→ **PROBLEM DESCRIPTION**
Starting at the line that holds "Rogue River Tactical", set down each line through the end of the listing, exactly as written and with nothing added.

→ **THE DATA**

........

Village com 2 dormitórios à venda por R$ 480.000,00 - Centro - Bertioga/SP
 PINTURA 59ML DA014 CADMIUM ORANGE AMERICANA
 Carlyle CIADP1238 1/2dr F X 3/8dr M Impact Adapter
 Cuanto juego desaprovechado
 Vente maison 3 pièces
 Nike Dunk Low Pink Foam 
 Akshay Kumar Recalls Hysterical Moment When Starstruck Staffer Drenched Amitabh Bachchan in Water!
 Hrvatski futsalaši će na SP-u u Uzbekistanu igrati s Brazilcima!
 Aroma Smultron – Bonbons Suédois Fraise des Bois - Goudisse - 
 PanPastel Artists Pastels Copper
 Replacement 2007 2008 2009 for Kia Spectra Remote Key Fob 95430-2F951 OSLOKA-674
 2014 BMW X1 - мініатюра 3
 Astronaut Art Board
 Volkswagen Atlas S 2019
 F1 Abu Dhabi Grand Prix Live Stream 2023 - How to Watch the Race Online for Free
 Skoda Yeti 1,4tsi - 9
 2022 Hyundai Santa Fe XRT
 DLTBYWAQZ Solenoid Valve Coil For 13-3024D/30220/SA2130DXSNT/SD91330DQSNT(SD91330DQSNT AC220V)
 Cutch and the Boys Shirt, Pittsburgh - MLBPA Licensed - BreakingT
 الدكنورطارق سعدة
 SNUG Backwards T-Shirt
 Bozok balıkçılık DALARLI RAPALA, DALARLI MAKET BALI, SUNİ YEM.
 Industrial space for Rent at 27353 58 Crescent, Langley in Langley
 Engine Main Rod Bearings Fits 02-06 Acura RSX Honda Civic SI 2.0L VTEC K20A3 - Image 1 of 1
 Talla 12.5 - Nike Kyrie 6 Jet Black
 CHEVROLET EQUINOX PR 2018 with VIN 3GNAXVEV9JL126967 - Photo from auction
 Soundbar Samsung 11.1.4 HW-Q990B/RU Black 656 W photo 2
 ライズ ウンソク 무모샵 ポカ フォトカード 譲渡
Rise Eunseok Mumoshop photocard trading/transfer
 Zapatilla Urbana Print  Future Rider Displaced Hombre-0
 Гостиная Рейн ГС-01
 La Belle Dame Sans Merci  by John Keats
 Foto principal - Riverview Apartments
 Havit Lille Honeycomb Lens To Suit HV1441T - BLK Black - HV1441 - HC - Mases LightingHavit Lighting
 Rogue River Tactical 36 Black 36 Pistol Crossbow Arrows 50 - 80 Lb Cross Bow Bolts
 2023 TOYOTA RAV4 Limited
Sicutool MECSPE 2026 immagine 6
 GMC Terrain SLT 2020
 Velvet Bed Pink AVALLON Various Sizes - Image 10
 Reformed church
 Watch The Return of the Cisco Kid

........

→ **ANSWER TO THE PROBLEM**
 Rogue River Tactical 36 Black 36 Pistol Crossbow Arrows 50 - 80 Lb Cross Bow Bolts
 2023 TOYOTA RAV4 Limited
Sicutool MECSPE 2026 immagine 6
 GMC Terrain SLT 2020
 Velvet Bed Pink AVALLON Various Sizes - Image 10
 Reformed church
 Watch The Return of the Cisco Kid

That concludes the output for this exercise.